More recently, the league moved the Colorado vs. USC game from Saturday afternoon to a Friday night so that it would be on ESPN2 as well of maybe two games that.
The television deal is where Scott has been working his hardest to get his league an SEC type deal. His first offer to Fox was $300 million per year, and he knew the deal would be rejected. The only reason is was offered was so that Fox would turn down the deal and allow the Pac-12 to negotiate in the open market.
It is being reported by Sports Business Daily that the Pac-12 is expected to sign a 12-year $2.7 billion television deal between Fox and ESPN:
The Pac-10 Conference has agreed to a media rights deal with ESPN and Fox that is worth more than $2.7B over 12 years, according to multiple sources. A formal announcement could come as soon as tomorrow. The deal, which averages out to more than $225M per year, includes football, basketball and Olympic sports rights. It is more than triple the conference's current deals with ESPN and Fox. The conference is holding some rights back that it still hopes to use for a dedicated channel.
As part of its deal, ESPN is picking up football and basketball rights, plus rights to a package of Olympic sports. ESPN has committed to carrying an unknown number of football games in primetime on ABC.
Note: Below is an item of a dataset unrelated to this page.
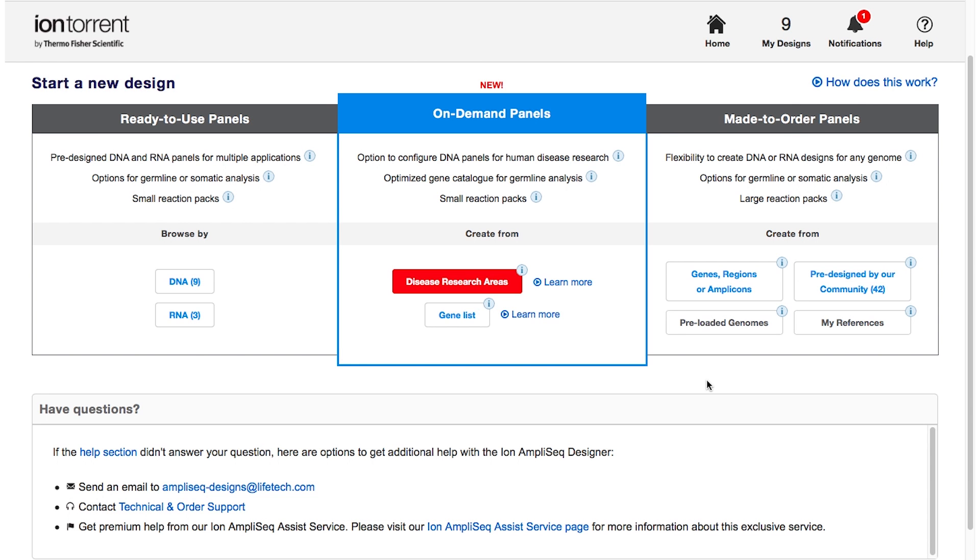Also, make sure to watch our step-by-step training videos to learn how to create your design. We invite you to explore the various exciting features of AmpliSeq Designer. If you have any questions about designing and ordering a panel, contact our tech support team — we'll be sure to help you out.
Fox picked up football and basketball rights. It will carry football games on its Fox broadcast channel in primetime and on FX. It will carry basketball games on FSN. ESPN and Fox will rotate coverage of the Pac-10's basketball tournament and football championship game. The conference becomes the Pac-12 on July 1 when Colorado and Utah enter the conference.
This comes out to be $18.75 million per team, but that number will actually be slightly higher since Utah does not get a full share until the 2014-2015 academic year. That $18.75 million number is actually higher per team then the mega-deal the SEC signed between ESPN and CBS back in 2009 -- currently the SEC schools make $18.3 million per school, per year. However, Jon Wilner of the San Jose Mercury News is reporting that the $225 million per year figure is low and the deal could actually be at $250 million per year and approximately $3 billion in total.
That number does not include the plan for a Pac-12 channel, so that number will only go higher. The New York Times spoke with Larry Scott and the Pac-12 network will have full ownership of the channel:
The Pac-10's new channel will carry at least 350 sports events. The conference is also creating a digital channel, like ESPN3, to carry at least 500 events annually, and a properties division to handle sponsorships.
Larry Scott is going to live up to his promise of giving the Pac-12 the richest television deal in college sports. This television deal will go into effect starting for the 2012-2013 academic year. Also Scott is expected to address the media tomorrow on this television deal.